Integrates Googles reCAPTCHA into October.
This plugin provides an easy way to secure any of your forms against bots - simply by adding a simple component anywhere in the form. It uses Google's reCAPTCHA and their PHP library to render the widget and verify the captcha.
##What is reCAPTCHA?
reCAPTCHA is a free service to protect your website from spam and abuse. reCAPTCHA uses an advanced risk analysis engine and adaptive CAPTCHAs to keep automated software from engaging in abusive activities on your site. It does this while letting your valid users pass through with ease.
reCAPTCHA offers more than just spam protection. Every time our CAPTCHAs are solved, that human effort helps digitize text, annotate images, and build machine learning datasets. This in turn helps preserve books, improve maps, and solve hard AI problems.
In the OctoberCMS backend go to Settings > Updates > Install plugins, search for Alxy.Captcha and install the plugin.
You may alternatively use the command line and enter
$ php artisan plugin:install Alxy.Captcha
to install the plugin.
In the OctoberCMS backend go to Settings > Captcha Settings. You are required to enter a Site key and a Secret key there. Selecting a language is optional.

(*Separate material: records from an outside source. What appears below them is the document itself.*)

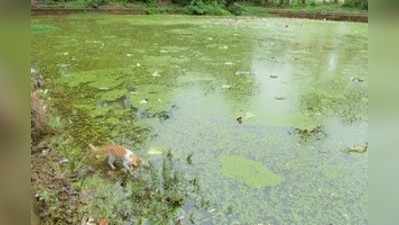 ಜಪ್ಪಿನಮೊಗರು ಕರ್ಬಿಕೆರೆಯಲ್ಲಿ ಮೀನುಗಳ ಮಾರಣಹೋಮ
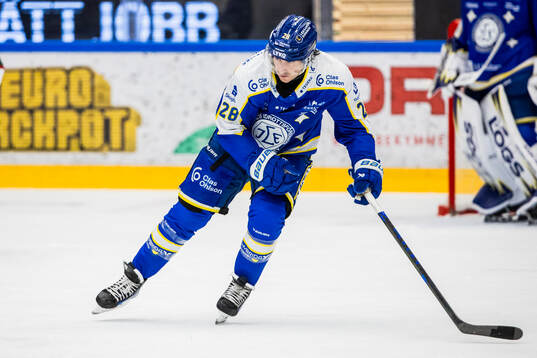 Leksands Justin Glenn Kloos
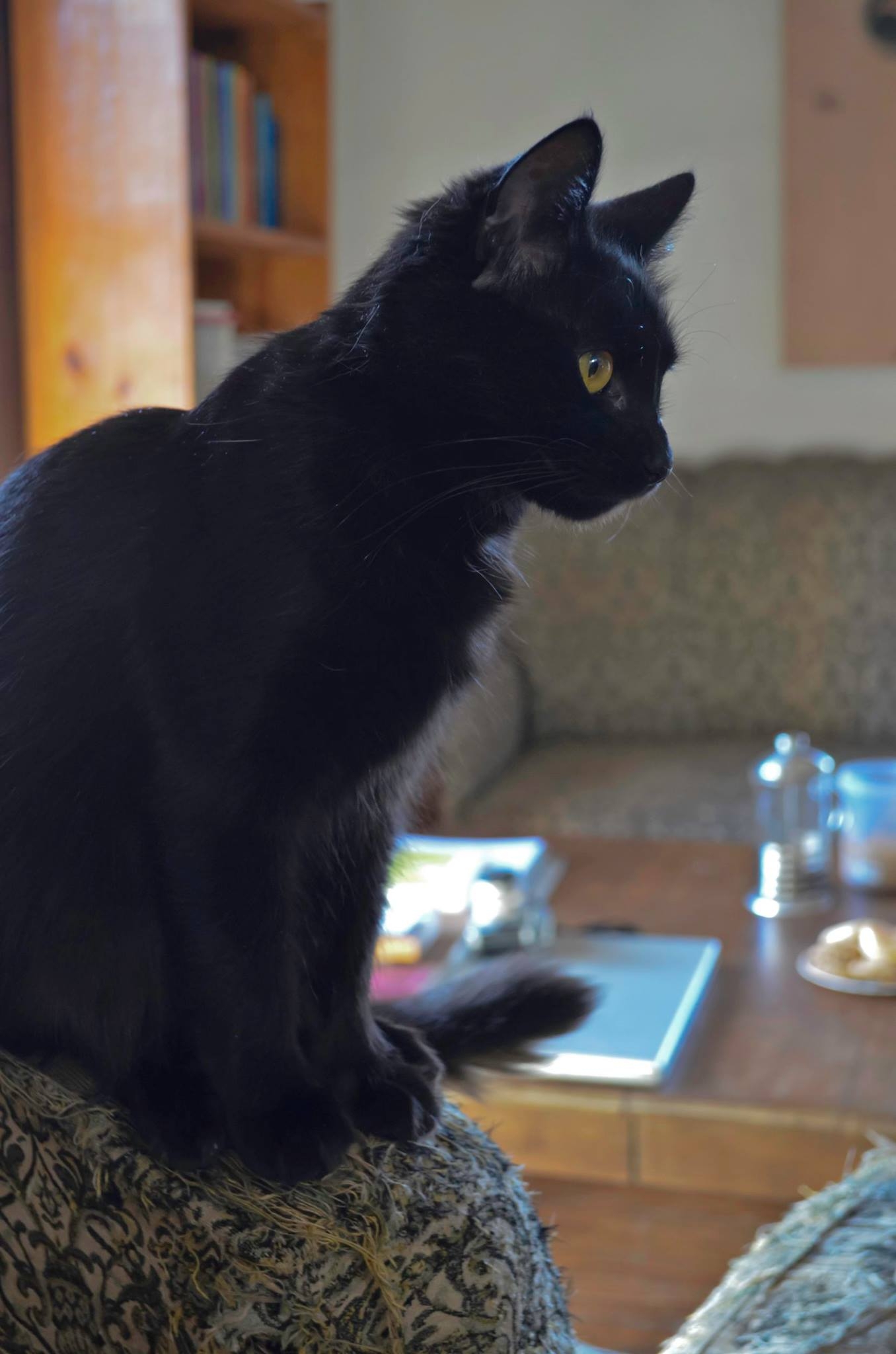 Fotorreportaje a Claudio Burguez- Setiembre 2016 - Foto Paola Scagliotti www cooltivarte com_1121020157944896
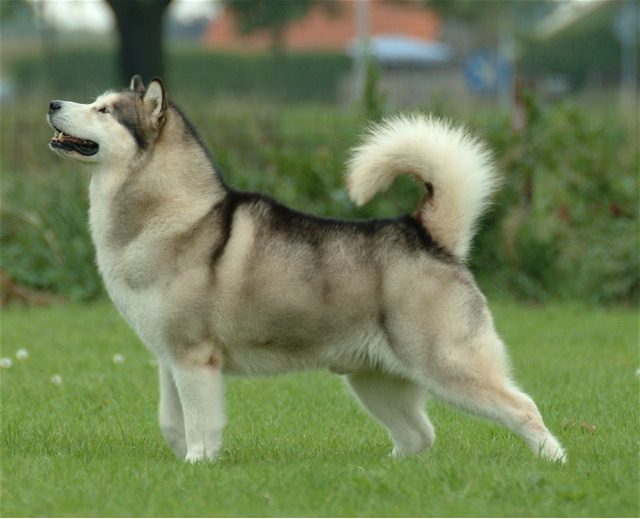 Alaskan Malamute standing on grass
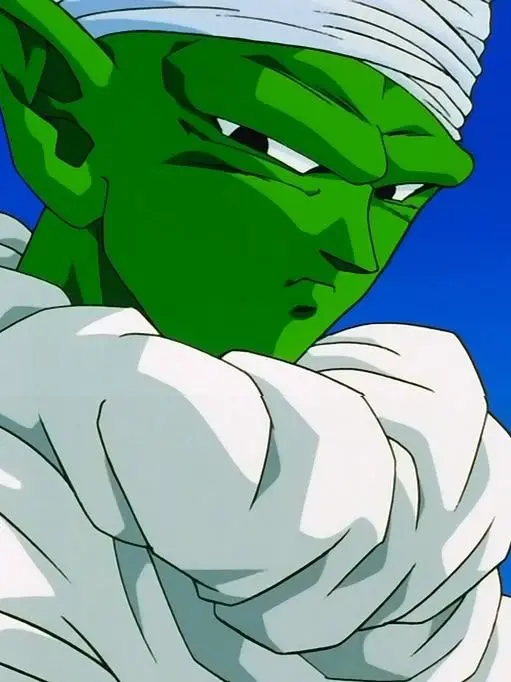 Julie_luv_piccolo의 Piccolo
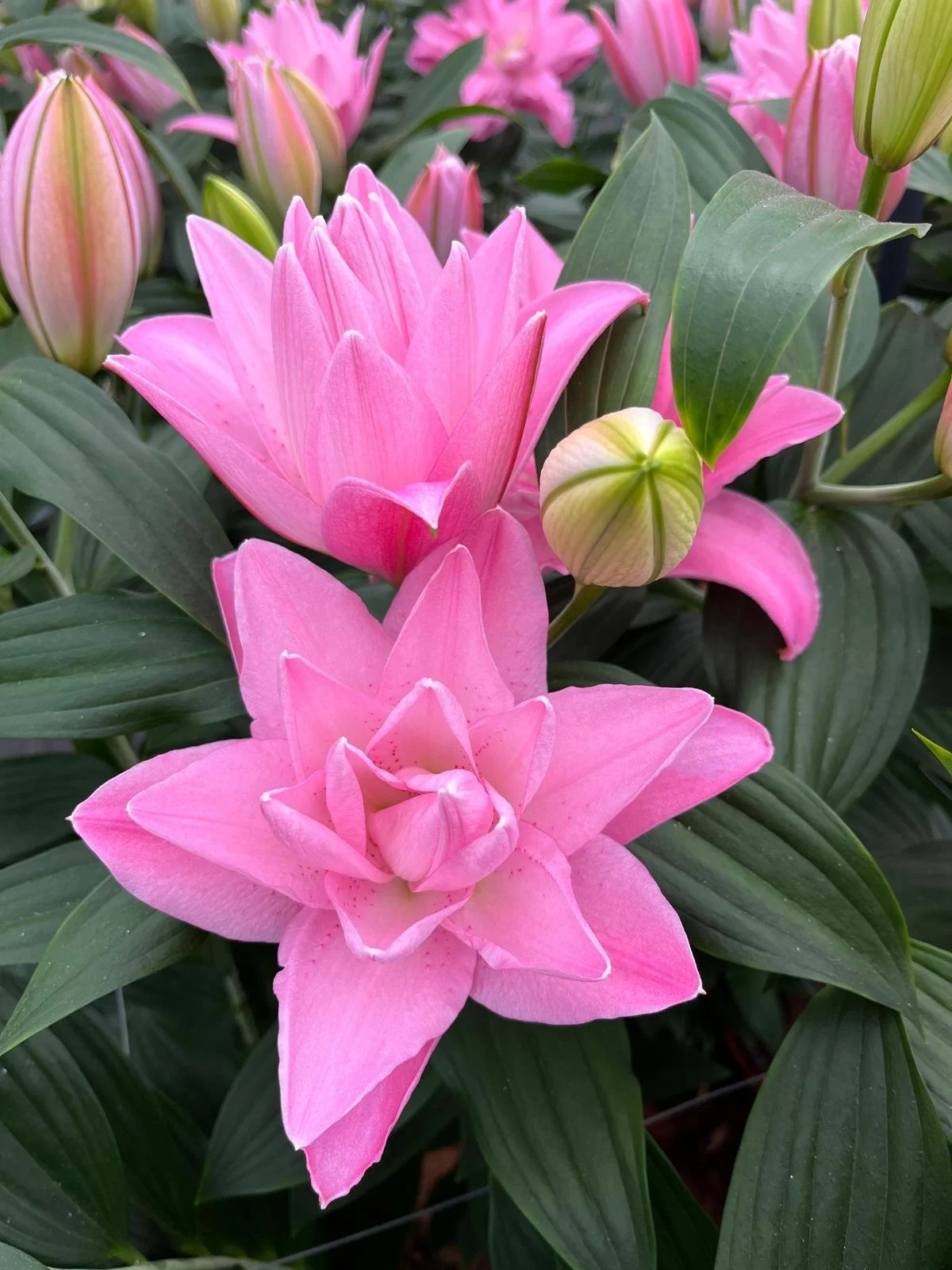 Oriental Double Pollen Free 'Fiorentina'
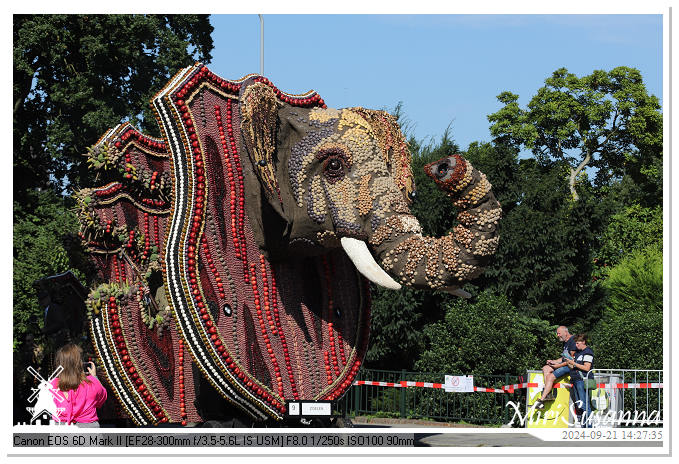 Fruitcorso Tiel 2024 IMG_0522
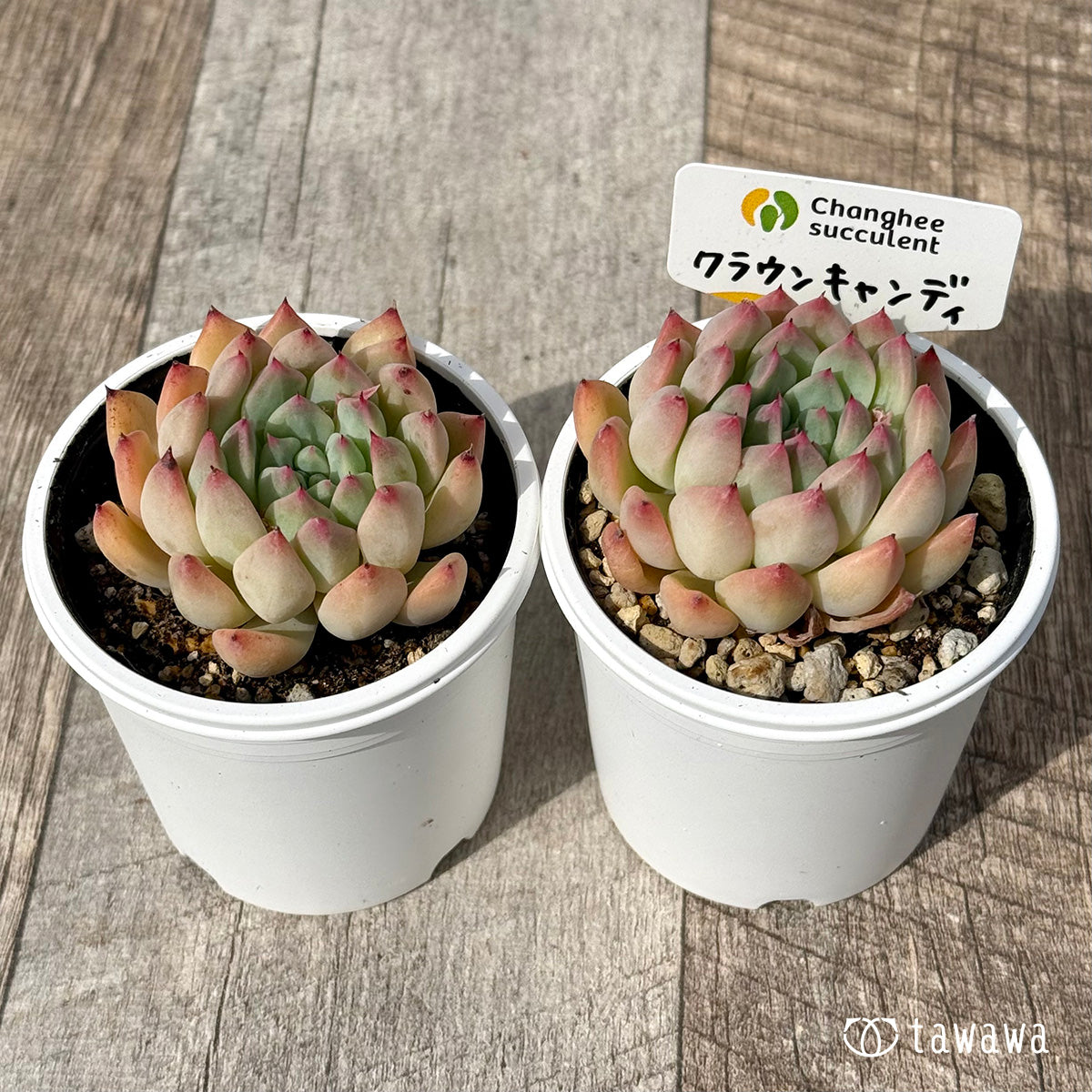 ＊新発売＊　クラウンキャンディ（チャンヒー農園）【tawawaハウス苗】
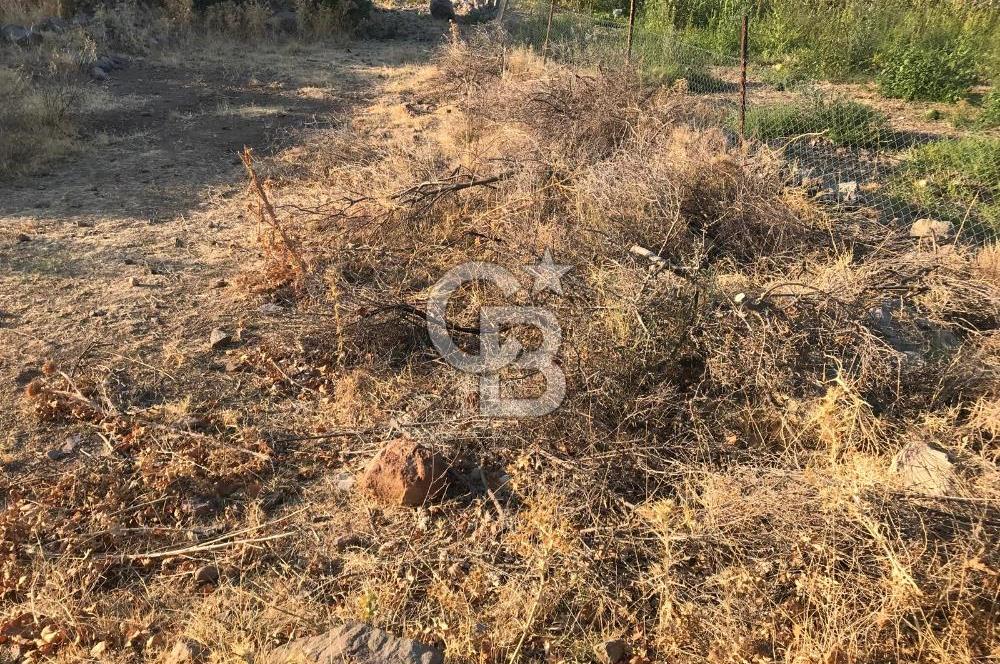 Aliağa Karakuzu köyünde tek tapu satılık tarla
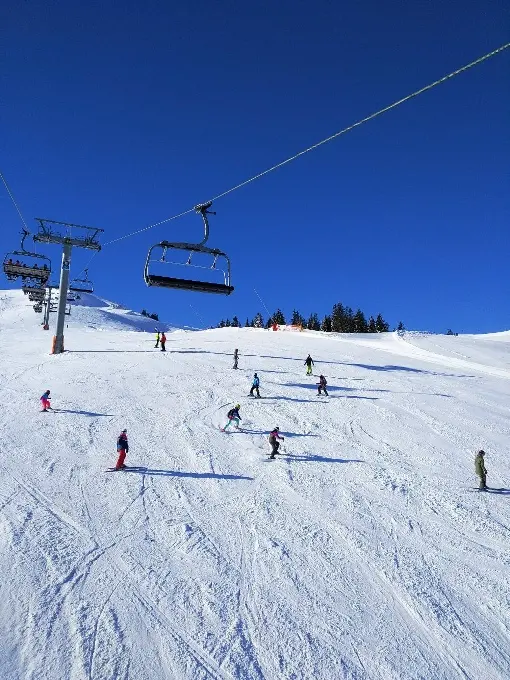Горные лыжи
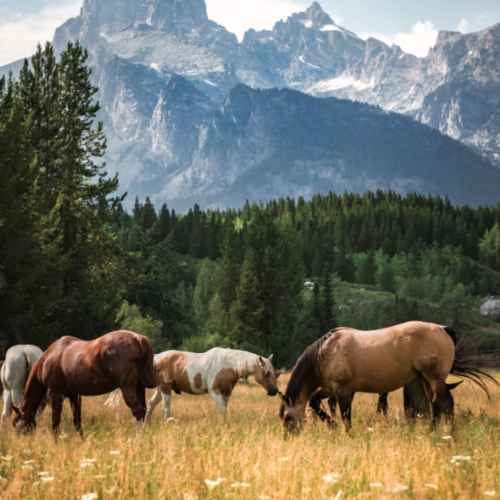 Equestrian Properties in Northern Colorado and Wyoming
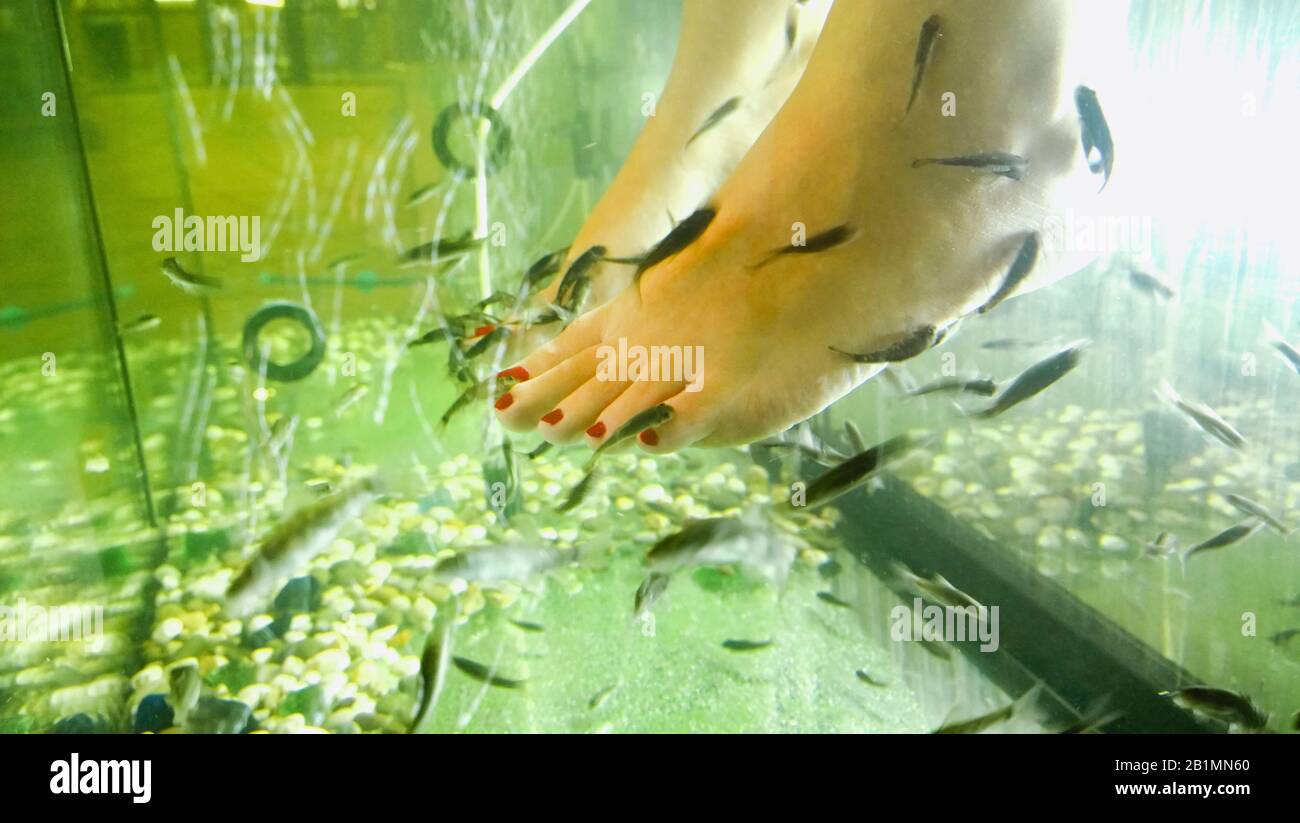 À travers la récolte de verre pieds nus femme refroidissement pieds dans l'eau de l'aquarium parmi les poissons vivants en chaude journée d'été Banque D'Images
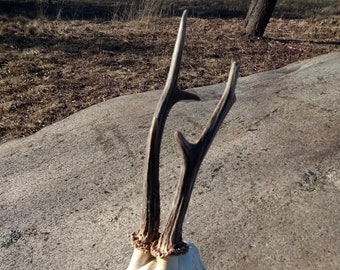 Roe Deer Antlers Skull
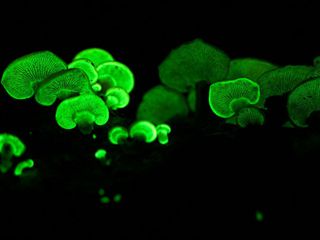 Did You Know About This Mysterious Glowing Forest In India?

Please follow the instructions on that page in order to obtain these keys. You can also follow this link to get directly to the reCAPTCHA administration page.
Using the Captcha is as easy as possible:
Simply place the Captcha Component anywhere between <form> and </form> on your pages. Of course you can also use the Component on multiple pages. This will already render the captcha and your form is now secured against bots.
So what happens if a bot hits my form or a user fails on filling the captcha?
If the request is a regular (non-AJAX) request, it will simply redirect back. On top of that, the user input will be safed to the session and the error codes will be stored in the Flash storage. You may display these using the {% flash %}-tag.
Otherwise, if the form is submitted using AJAX, an AjaxException will be thrown. You can listen for the ajaxErrorMessage event to customize the error behavior.